Celebrity chef Rachel Green will host this year’s Re:fresh Conference on May 8, and is excited about playing a central role in the industry’s attempt to strike a balance between the perceptions and reality of organic and conventional produce.
“I am from a farming background and look forward very much to debating one of the key topics of this era in British farming with a knowledgeable trade audience,” she said.
“I think it will be very interesting to see what results the Re:fresh consumer and trade surveys throw up. In my experience, people are often not given credit for knowing as much as they do about food, so the comparison between the perceptions of the consumer and the industry that provides them with their food will give us a valuable insight into the issues that will undoubtedly dominate the debate I am chairing.”

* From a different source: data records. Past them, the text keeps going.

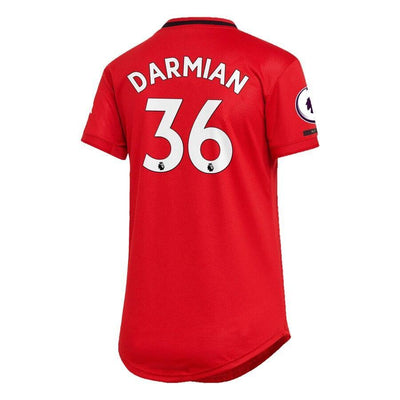Matteo Darmian Manchester United adidas Women's 2019/20 Home Replica Player Jersey – Red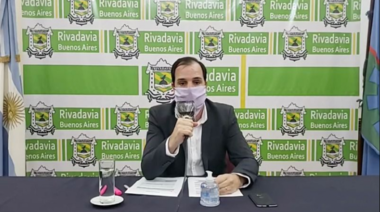 Javier Reynoso ordenó el uso obligatorio del barbijo en la vía pública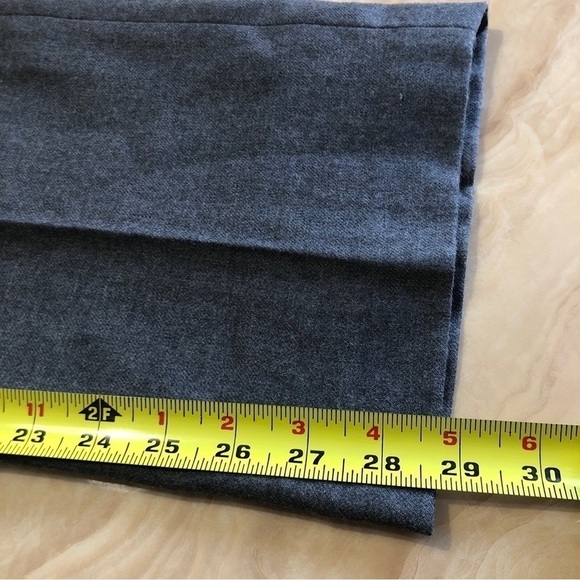 NWOT Pendleton Pants Womens Petite 16 Grey 100% Virgin Wool Lined - Picture 9 of 11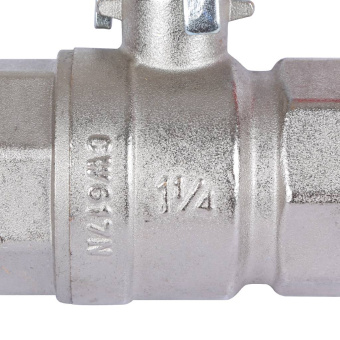 ROMMER Шаровой кран 1 1/4" ВН/ВН, ручка рычаг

Consumers are not necessarily armed with the right information to make an educated choice of which fruit and vegetables to buy, said Green. “If people want to buy organic fruit and vegetables, then obviously that’s fine, but it does trouble me that for whatever reason, they may believe that conventionally grown produce is in some way inferior, or unsafe,” she added.
“I think consumers are confused about organic messages. How do you square the issue of something being grown locally, maybe a couple of miles away, but conventionally, with something that is grown on the other side of the world, but organically? Equally, are those organic standards on the other side of the world the same as ours in Britain?”
As for her own approach, Green added: “I am very even-handed about it,” she said. “For me, as a chef, it’s a question of quality and flavour. I have friends who farm fantastically good-quality organic produce, and friends who, similarly, farm amazing conventionally farmed produce.”